第6話 幸せになる方法
ドラゴンを町の中に下ろしたのは、この国で一番偉い大魔導士アーレンさまでも、ちょっとやりすぎだったみたい。
町長さんから頼まれて、わたしたちはフィンを連れて、しばらく近くの山の狩小屋で過ごすことになった。
大魔導士さまとわたし、どうしても一緒に行くと言って聞かなかったヨルン。
三人でフィンの背に乗って、わたしたちは雪深い山へと出発した。
わたしは、冬の女神さまの力のおかげで、おなかも空かないし、喉も乾かない。
でも、大魔導士さまとヨルンは違う。
水は雪を溶かせばいくらでもあるけど、ごはんは自分たちで獲らないといけない。
「ヨルンと言ったか。多少の魔力はあるようだな」
大魔導士さまは、ヨルンを連れて、狩用の小型魔法陣を仕掛けにいった。
大魔導士さまは、若い頃、大陸を冒険してたことがあるんだって!テキパキと獲物をさばく姿は、わたしが知らない大魔導士さまだった。
その夜、狩小屋にあった小鍋で、大魔導士さまが薬草茶を沸かしてくれた。
わたしたちは、鍋の周りに集まって座った。
小屋の外では、フィンが太い寝息を立てている。
「冬の女神は、まだお前の中にいるようだな。仕込んでおいた魔法をことごとく解呪されて、追跡に手を焼いたぞ」
女神さまがまだわたしの中にいるのは、大魔導士さまにとっては、いい知らせだったみたい。
わたしが口を開く前に、女神さまが得意げに答えた。
「わらわの手に掛かれば、そなたの姑息な魔法の解呪など、一瞬よ!」
あの磁石みたいにヨルンに触れなかった魔法や、時間魔法だけじゃなかったみたい。
フィンをわたしに与えたことも含めて、大魔導士さまはわたしが思うよりずっと、用意周到に女神さま殺しの計画を進めていたのね。

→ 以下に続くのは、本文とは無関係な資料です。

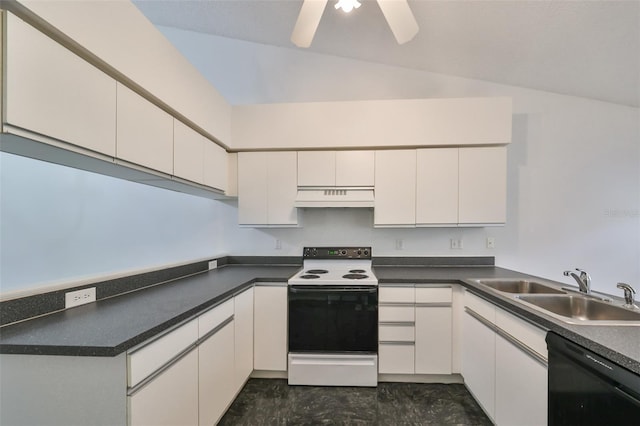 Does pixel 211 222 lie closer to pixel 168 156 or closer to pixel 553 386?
pixel 168 156

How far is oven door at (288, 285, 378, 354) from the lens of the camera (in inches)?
82.7

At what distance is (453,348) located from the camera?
84.4 inches

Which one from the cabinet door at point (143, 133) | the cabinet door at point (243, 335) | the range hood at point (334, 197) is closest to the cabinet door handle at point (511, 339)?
the range hood at point (334, 197)

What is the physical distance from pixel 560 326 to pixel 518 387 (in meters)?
0.54

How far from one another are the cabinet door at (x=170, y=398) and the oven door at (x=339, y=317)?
0.93 metres

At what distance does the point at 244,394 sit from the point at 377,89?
3.12 m

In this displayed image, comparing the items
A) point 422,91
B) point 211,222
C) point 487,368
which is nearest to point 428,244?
point 487,368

「殺せないのであれば、”夜の庭”に戻ってもらうしかない。レニ、お前、冬の女神の力を自由に使えるのだろう」
え?女神さまの力を、わたしが使う?
考えたこともなかった。
「冬の女神の力を消すことはできずとも、お前の意思でコントロールできるのであれば、それは我々にとって光だ。ただ、同時に、お前が自分の欲のままに力を使うことを、防がねばならぬ」
ヨルンが口を挟んだ。
「待ってください!レニの身体に冬の女神が入ったままだと、レニは不老不死なんでしょう?いつまでレニを閉じ込めるつもりですか!?」
大魔導士さまの言葉は、冷たかった。
「ずっとだ」
ずっと?わたしは、あと千年”夜の庭”で過ごすの?
あの退屈な世界に、ひとりぼっちで。
時間魔法にかかったままのわたしだったら、耐えられたのかもしれない。
でも、ヨルンに再会して、人のぬくもりを思い出してしまった。
ヨルンの背中のあったかさを知ってしまったのに。
ひとりは嫌。もう絶対に。
「大魔導士さま、わたし、絶対女神さまの力を自分のために使ったりしないわ!だから、”夜の庭”には戻さないで……お願いです……」
最後のほうは、思ってたよりずっと声が小さくなっちゃった。
わたしのきつく握った手は、小さく震えていた。
大魔導士さまは、諭すように言った。
「レニ、可能性があることを、人は必ず試すものだ」
それが人間の業だから、って大魔導士さまは言った。
じっと聞いていた女神さまが口を開いた。
「その業の結果が、3年ずつの春夏秋、そして今の冬ではないか」
大魔導士さまが反論する前に、女神さまは続けた。
「冬は災いではない。春の芽吹きに備える眠りの季節じゃ。冬なくして、春は訪れぬ」
傲慢なことよ、と女神さまは結んだ。
大魔導士さまは、何も言わなかった。
口を開いたのは、ヨルンだった。
「納得できません。レニだけが、人間の業を背負うなんて。もうレニを振り回さないでください!」
ヨルンが自分の手で、わたしの震える手を包んでくれた。
だから、わたしは少しだけ勇気を出すことができたの。
「わたし、恋をするから……恋をしたら、女神さまもわたしも自由になれるんでしょう!?」
わたしが恋をする。
それが、みんなが幸せになる方法。